• EXERCISE BRIEF:
Only the lines from the one that contains "Ancienne carte de" to the last line below, both included, should be transcribed. Pictures stay out of the copy.

=== Begin Enclosure ===

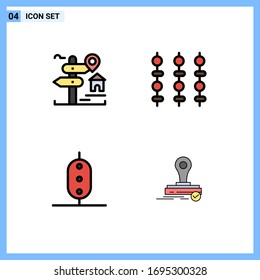 Set of 4 Modern UI Icons Symbols Signs for location; food; real estate; kebab; peas Editable Vector Design Elements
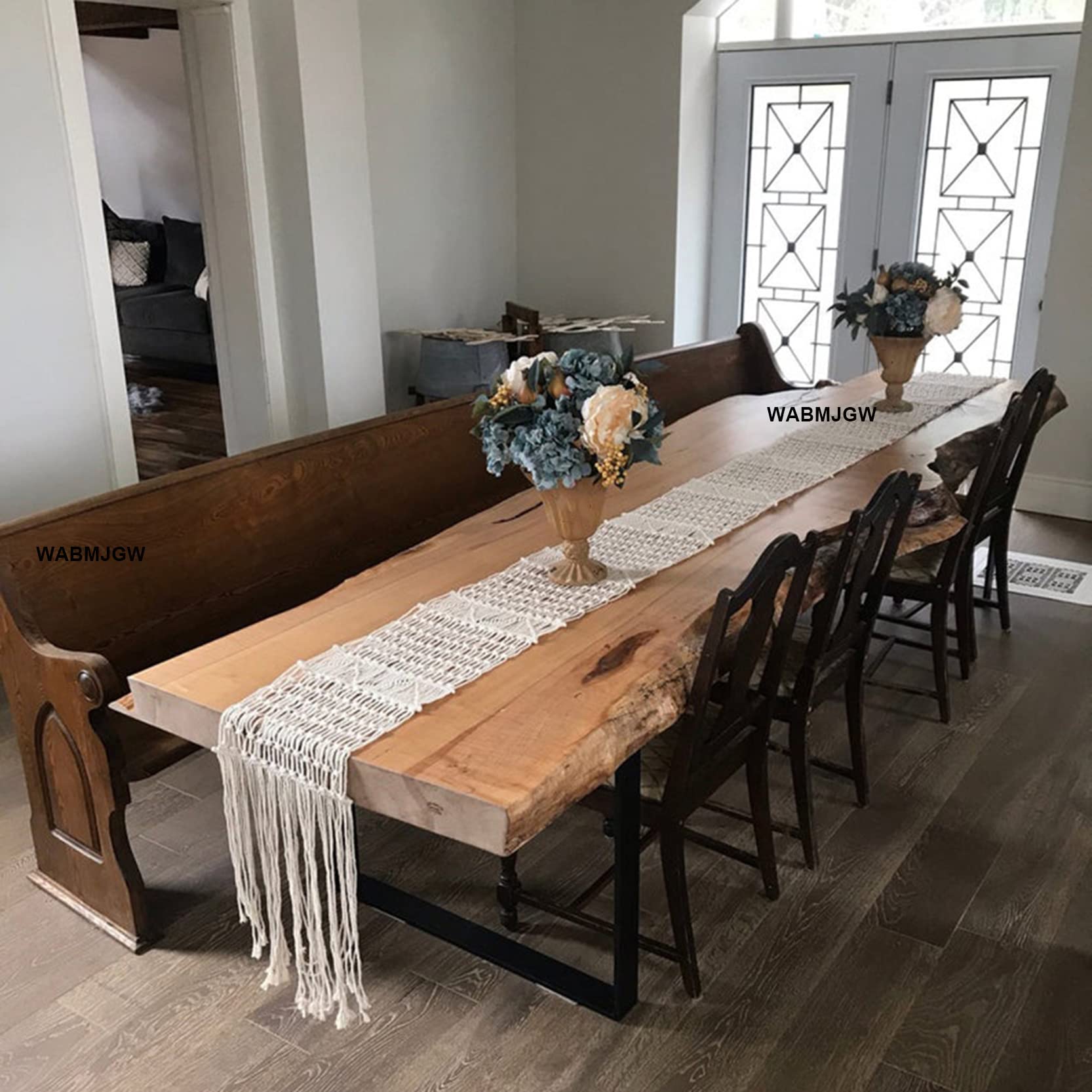 Set 4 Runner Da Tavola Boho In Iuta Con Nappe - 30,5x183 Cm - Verde, Blu, Bordeaux, Kaki - Decorazione Rustica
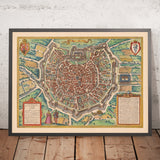Ancienne carte de Milan par Braun & Hogenberg, 1572 : Cathédrale, Fortifications, Rues, Champs 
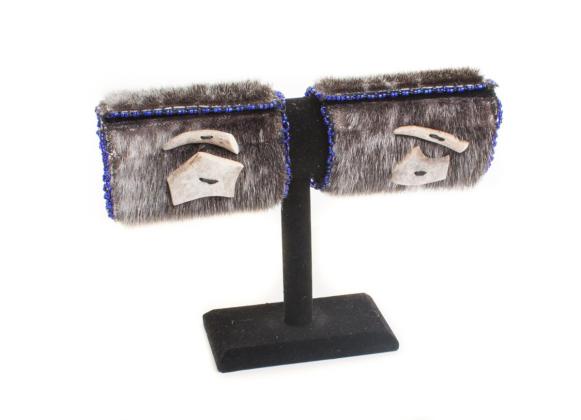 Large Seal Skin Cuffs with Caribou and Moose Antler Buttons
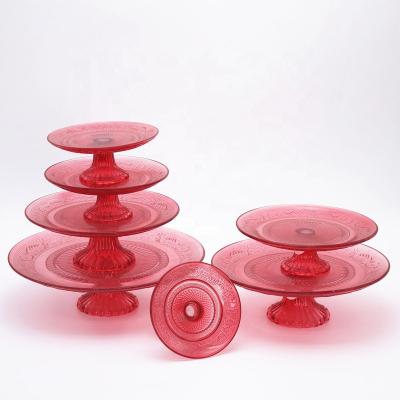 China Seven Size Sustainable Red Round Glass Cake Dish With Stand for sale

=== End Enclosure ===

• WRITTEN REPLY:
Ancienne carte de Milan par Braun & Hogenberg, 1572 : Cathédrale, Fortifications, Rues, Champs 
 Large Seal Skin Cuffs with Caribou and Moose Antler Buttons
 China Seven Size Sustainable Red Round Glass Cake Dish With Stand for sale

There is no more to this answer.